Tuesday, March 03, 2009

Lampu dan Ketelanjangan Kami


Sebuah petang, di pasarcidu, aku tiba-tiba dilanda rasa yang janggal. seperti rasa terkepung. seakan terjebak pada sesuatu. tersudut. perasaan telanjang dan tak berdaya. aku diam dan menyadari kalau di simpang 3 tengah pasarcidu, ada lagi sebuah benda aneh yang menggantung lekat di tiang. sebuah lampu jalan. lampu pijar neon. pijarnya putih angkuh melayang. seseorang entah siapa memasangnya beberapa hari yang lalu, tepat di tangkai sisa lampu merkuri sebelumnya.

Dan sudah beberapa malam, anak-anak dan sebagian penghuni pasarcidu di sekitar simpang 3 tengah, ramai berkumpul di bawah lampu itu. berbincang. lebih ramai dari sebelumnya. seperti berdiang mencari hangat harapan. sebelum mereka sadar, betapa pijar lampu akan kembali menyadarkan mereka semua kenyataan yang mengitari mereka setiap hari. menyadarkan sudut-sudut yang semula disembunyikan bayangan, disembunyikan malam. lalu lampu itu kembali mengasingkan mereka. mengasingkan kami.

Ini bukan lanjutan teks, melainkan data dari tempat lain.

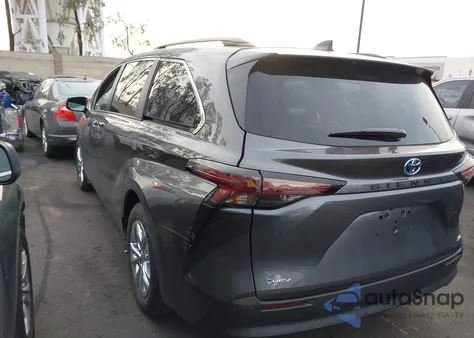 2025 Toyota Sienna Xle from USA, damaged, VIN 5TDJRKEC9SS284205
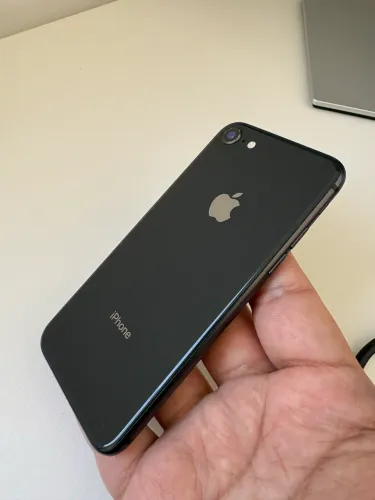 Vendo 2 iPhone 8 - perfeito estado 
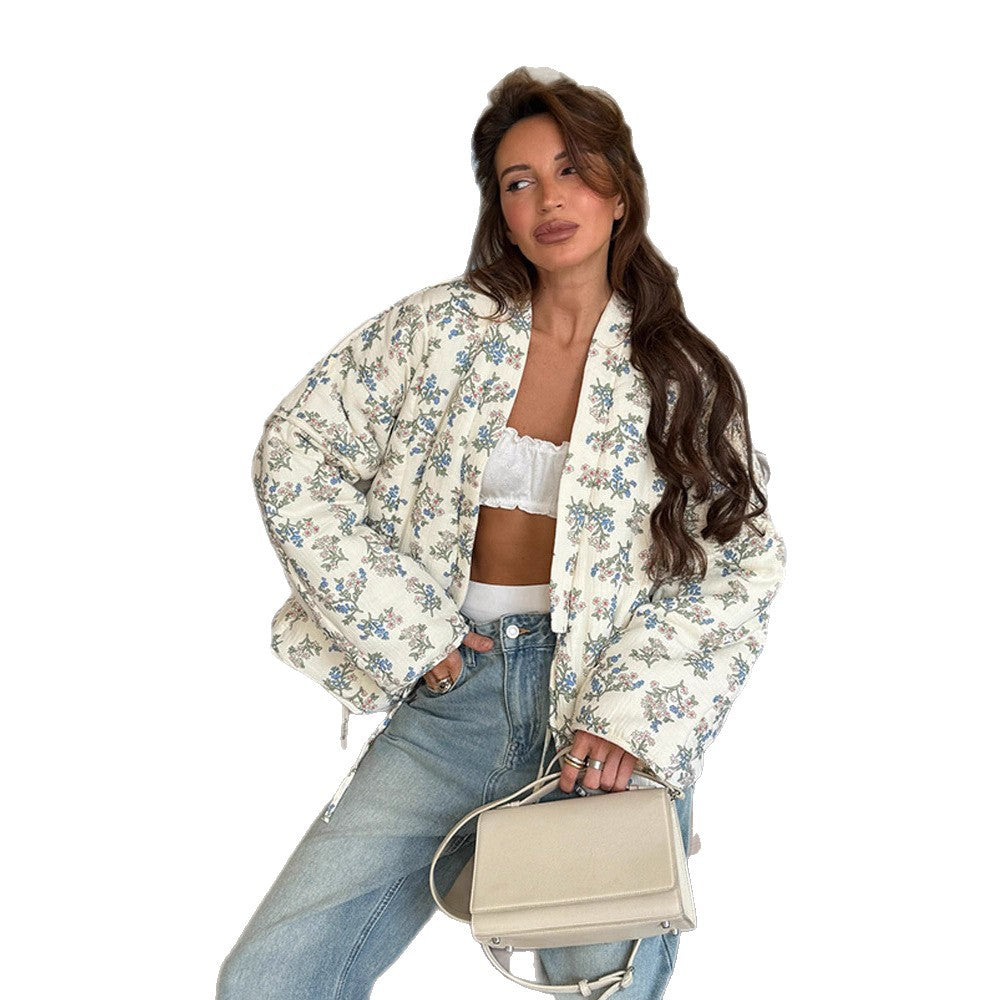 Cardigan matelassé pour dames en jacquard à motif floral Chic und Stil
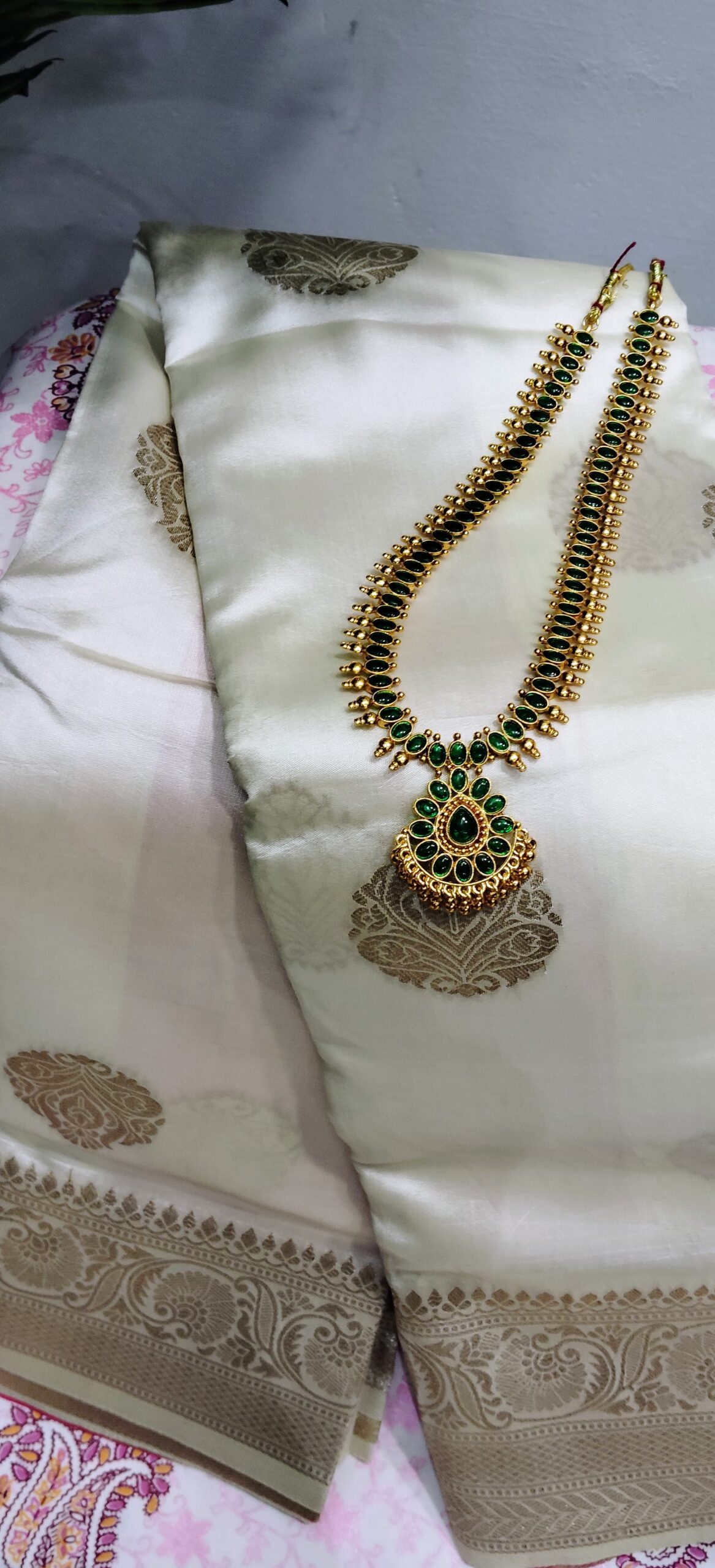 Cream Pink Silk Saree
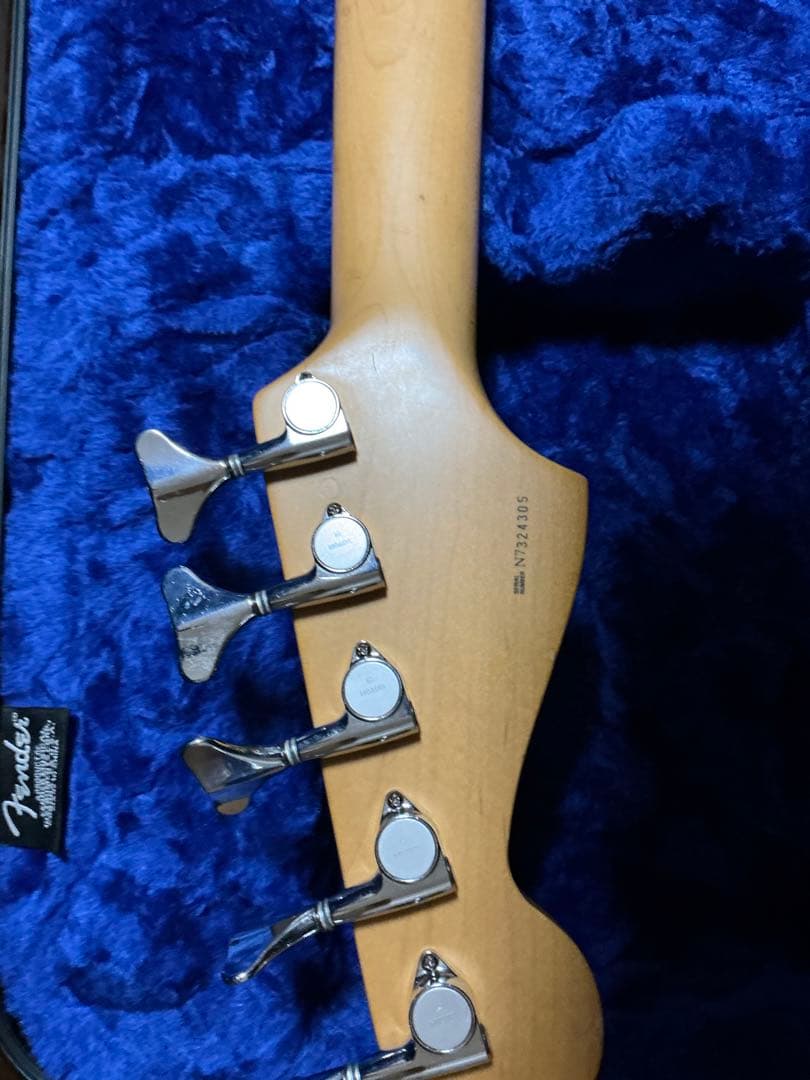 ベース Fender American Deluxe Jazz Bass V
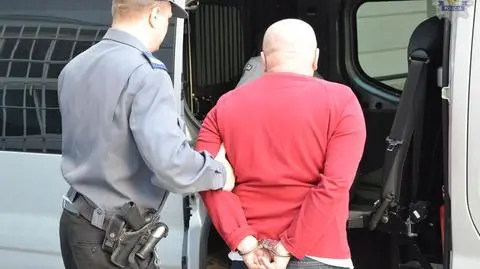 Funkcjonariusze służby więziennej oskarżeni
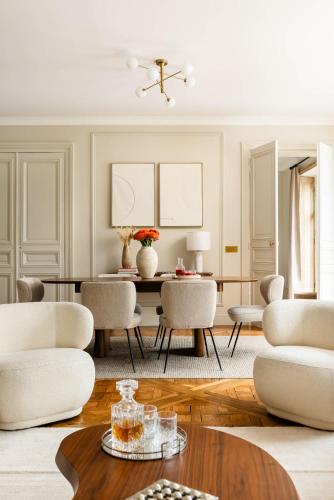 Arc de Triomphe Luxury 3 Bed 3,5 Bath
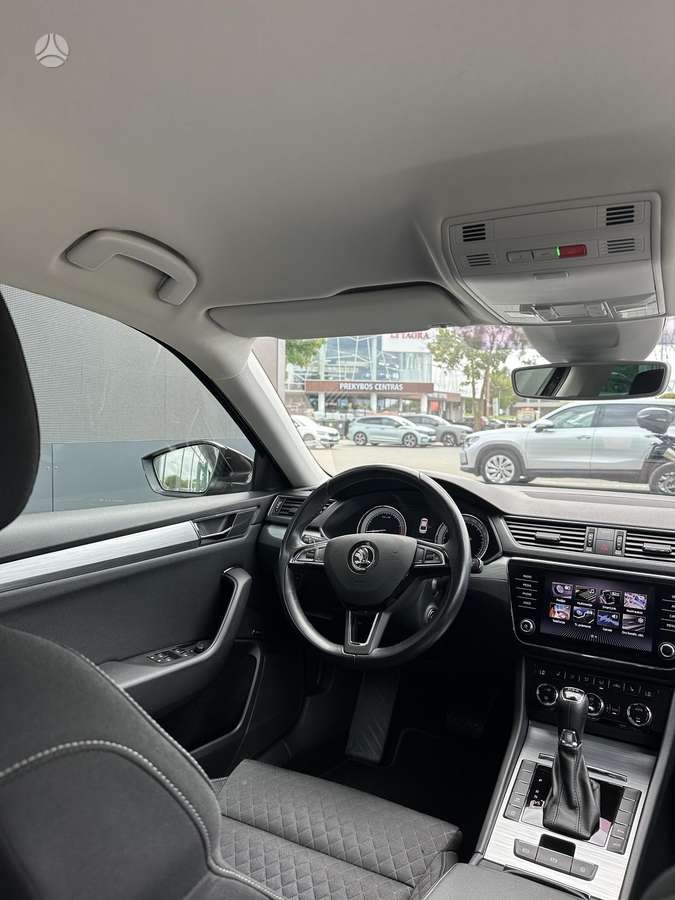 Škoda Superb - 8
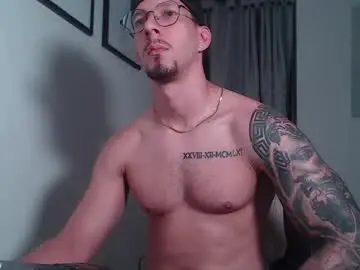 Chaturbate Free Porn Cam of andrew_mathe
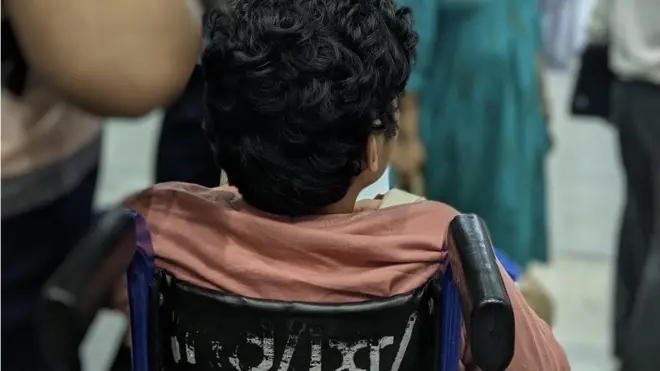 विकलांग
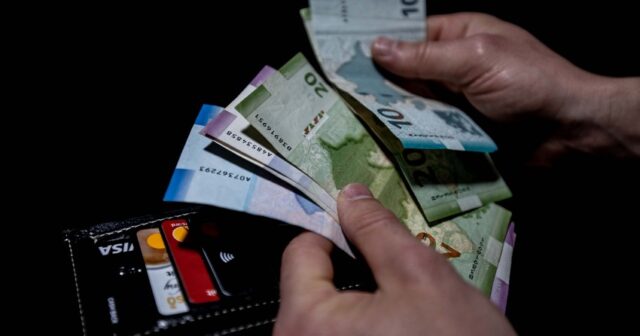 Nazirlik pensiya, müavinət və təqaüdlərin nə qədər artdığını açıqlayıb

Dan lampu itu kini betul-betul menelajangi bentangan tenda-tenda tempat penjual mengais rezeki di pagi hari. menelanjangi amis genangan air yang terus menggenangi jalan, seperti mata air abadi. menelanjangi meja-meja kayu berbau ikan yang ditumpuk sekenanya. menelanjangi setiap tikus yang mengendap-endap. juga menelajangi hati kami yang telah terluka sekian kali. menelanjangi pasarcidu.

seperti lampu merkuri lainnya, lampu itu tegak mencoba mengalahkan malam.
mengalahkan pekat yang meraja. mengungkap relung tempat gelap rahasia mendekam. ah, semoga malam kembali menang dan menyelimuti kami dalam bayangnya. agar hati yang luka ini kembali tenteram bersemayam...

(katanya dibiayai oleh seseorang yang hendak mengais suara pemilih dalam pemilu mendatang. katanya agar orang-orang di pasarcidu yakin kalau mereka bisa menyandarkan harapan selama 5 tahun yang mengecewakan ke depan, makanya ia memasang lampu di sudut jalan yang gelap itu. seolah ia pembawa pelita yang akan memnadu setiap yang sesat ke jalan yang benderang.. ah, bangsat!!!)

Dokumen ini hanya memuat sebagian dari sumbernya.